BG Group Plc (BG/)’s valuation falling by half in less than two years is making even a $60 billion company look vulnerable to a takeover as oil giants hunt for growth in new frontiers.
Chief Executive Officer Chris Finlayson took over on Jan. 1 after BG’s 26 percent stock drop last year, its worst annual return as the Reading, England-based company said project delays will hold back output growth in 2013. While the explorer’s price-earnings ratio of 15.5 is higher than its peers in North America and Europe, the multiple is almost half as expensive as it was in April 2011, according to data compiled by Bloomberg.

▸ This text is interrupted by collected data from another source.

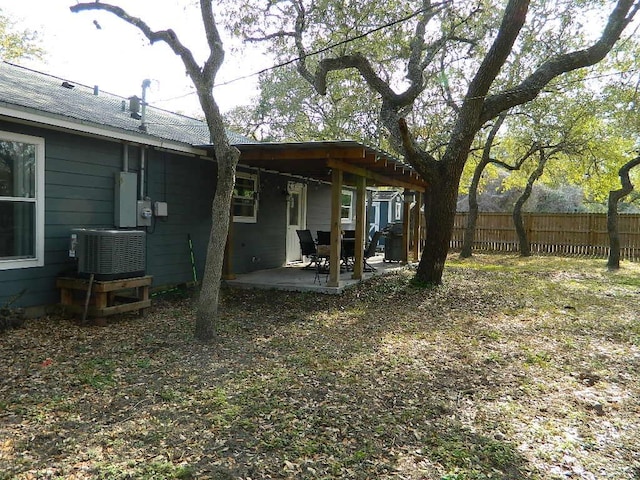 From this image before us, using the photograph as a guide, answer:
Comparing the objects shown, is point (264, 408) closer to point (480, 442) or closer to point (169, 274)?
point (480, 442)

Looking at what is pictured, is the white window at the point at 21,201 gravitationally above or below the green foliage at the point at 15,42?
below

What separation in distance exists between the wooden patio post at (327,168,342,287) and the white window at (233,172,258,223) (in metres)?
2.22

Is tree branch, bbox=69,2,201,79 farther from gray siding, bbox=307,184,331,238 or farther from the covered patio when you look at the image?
gray siding, bbox=307,184,331,238

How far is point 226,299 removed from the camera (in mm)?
7215

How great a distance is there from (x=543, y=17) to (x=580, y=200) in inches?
800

BG, with enough oil and gas resources to pump for the next 73 years, has stakes in the “Big Five” oil fields off Brazil and expanding liquefied natural gas projects from Canada to Australia. The company discovered more oil and gas in 2011 to replace what it pumped from wells than any other peer, data compiled by Bloomberg show. Exxon Mobil Corp. (XOM:US) could be lured to BG to help fuel growth after its production dropped 7.5 percent in the third quarter, said Brewin Dolphin Ltd. BP Plc (BP/) may be receptive to a combination with BG to challenge Royal Dutch Shell Plc (RDSA) as Europe’s largest oil company, said N+1 Singer Ltd.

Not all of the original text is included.